Arizona's grid has held up well under this heat wave, though. According to Arizona Public Service, their customers set a record for consumer demand for electricity on Saturday with 8,191 megawatts. The previous record had only been in place for one day; it had been set on Friday. The utility, a subsidiary of Pinnacle West, has over one million customers and services much of the state, splitting the Phoenix area with the cooperative Salt River Project. A spokesperson for Arizona Public Service told me “we continue to have adequate supply and our system is stable," while a Salt River Project spokesperson said that its electricity demand set a record on Monday evening with 7,997 megawatts, after setting records last Friday and Saturday.
Yet Arizona does have one problem with its electricity grid: It's pretty dirty and thus contributing to the reason all those air conditioners need to work so hard. Natural gas remains the state’s biggest source of energy, representing just over 42 percent of its generation last year, and coal still outproduces solar, according to Energy Information Administration data. One bright spot in the grid is nuclear power, which produces just under 30 percent of the state's energy.
The reliability of Arizona’s grid might have less to do with the makeup of its energy grid, though, and more to do with the fact that the state has resisted deregulation, meaning that Arizonans are served by utilities which own or contract electricity generation and are overseen by a state body, the Arizona Corporation Commission. This means planning is a cooperative process between the state and the utilities, as opposed to one governed by a wholesale market for electricity.
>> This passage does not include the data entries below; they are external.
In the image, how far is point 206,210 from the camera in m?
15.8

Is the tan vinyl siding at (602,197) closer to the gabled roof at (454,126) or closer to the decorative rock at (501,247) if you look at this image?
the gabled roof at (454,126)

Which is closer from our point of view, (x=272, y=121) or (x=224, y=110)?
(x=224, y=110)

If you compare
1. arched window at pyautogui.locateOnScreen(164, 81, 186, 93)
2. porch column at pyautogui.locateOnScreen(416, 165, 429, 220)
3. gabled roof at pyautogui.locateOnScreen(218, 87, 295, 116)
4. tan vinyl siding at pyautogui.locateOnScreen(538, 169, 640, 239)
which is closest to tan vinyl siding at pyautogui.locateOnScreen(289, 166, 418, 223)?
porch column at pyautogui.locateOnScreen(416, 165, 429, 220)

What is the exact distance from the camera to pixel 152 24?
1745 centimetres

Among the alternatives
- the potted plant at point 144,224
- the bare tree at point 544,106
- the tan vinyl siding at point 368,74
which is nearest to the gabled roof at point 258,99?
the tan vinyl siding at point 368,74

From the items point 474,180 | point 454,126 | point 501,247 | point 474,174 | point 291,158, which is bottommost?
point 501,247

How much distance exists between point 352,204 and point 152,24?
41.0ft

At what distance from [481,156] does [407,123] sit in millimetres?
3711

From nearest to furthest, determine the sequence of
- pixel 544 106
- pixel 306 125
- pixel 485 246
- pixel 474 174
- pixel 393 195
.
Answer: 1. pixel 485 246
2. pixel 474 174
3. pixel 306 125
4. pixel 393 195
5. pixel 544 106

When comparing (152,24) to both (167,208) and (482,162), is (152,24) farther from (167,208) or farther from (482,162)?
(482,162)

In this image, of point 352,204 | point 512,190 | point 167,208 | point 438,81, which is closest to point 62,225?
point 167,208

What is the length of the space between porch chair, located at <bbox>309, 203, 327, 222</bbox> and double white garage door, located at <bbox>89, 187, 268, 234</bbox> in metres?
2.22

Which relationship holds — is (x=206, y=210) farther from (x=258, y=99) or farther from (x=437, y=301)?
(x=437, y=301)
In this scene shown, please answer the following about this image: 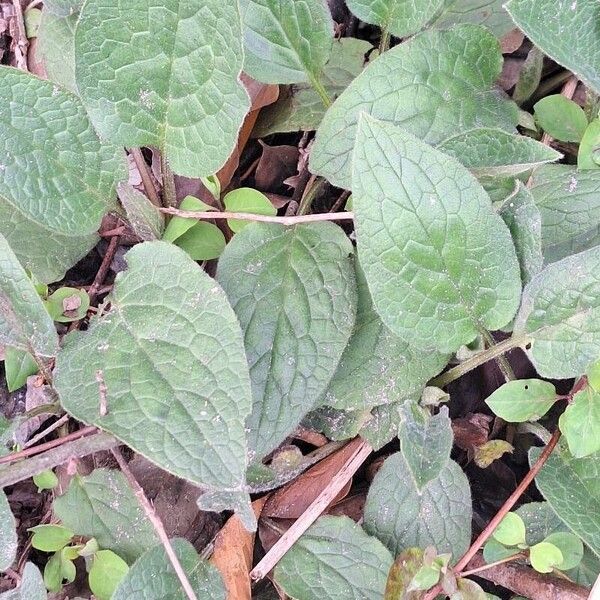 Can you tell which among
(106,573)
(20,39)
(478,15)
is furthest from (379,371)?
(20,39)

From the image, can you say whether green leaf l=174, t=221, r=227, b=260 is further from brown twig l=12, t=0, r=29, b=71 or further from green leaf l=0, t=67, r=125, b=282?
brown twig l=12, t=0, r=29, b=71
Critics of deregulation have argued that market constructs for electricity lead to underinvestment in reliability (like winterization for natural gas, albeit not a huge concern in Arizona) and premature retirement of energy resources, like dispatchable power plants, that can be expensive to run. They’ve also been criticized for not bringing down prices in the way they were promised. While Arizona does have more expensive electricity than Texas, according to the Energy Information Administration, it’s substantially cheaper than California, New York, or New England.
Arizona has been assailed by both environmental groups and activists, who accuse the utilities of dragging their feet or outright obstructing renewables, especially solar, as well as by generation companies (especially those with solar subsidiaries) who wish to compete in a more deregulated market where customers can choose where their electric generation comes from.
Arizona’s major utilities have all committed to decarbonization timelines, ranging from aspirational goals of total decarbonization by 2050 to more detailed targets by 2035, even though state rules mandating decarbonization were shot down in 2022.
That will likely mean more development of solar — despite being very sunny, Arizona’s solar production lags North Carolina, according to the Solar Energy Industries Association — along with battery storage and the continued operation of the Palo Verde Generating Station, the utility-owned 4,000 megawatt nuclear power plant that serves customers in Arizona and three neighboring states, including California and Texas.
If Arizona adds large amounts of solar to the grid, which it's starting to do, it will need to deal with the famous duck curve, the phenomenon where the sun goes down and solar production plummets, but electricity demand stays stubbornly high as air conditioning and appliances are still in use. On Monday, demand peaked in the early evening and, in Phoenix, temperatures hovered at right around 100 degrees at 9 p.m. Arizona's utilities are aware of this issue; along with increased solar installation and investment, there has been increased deployment of battery storage, which can bank the sun’s energy for nighttime use.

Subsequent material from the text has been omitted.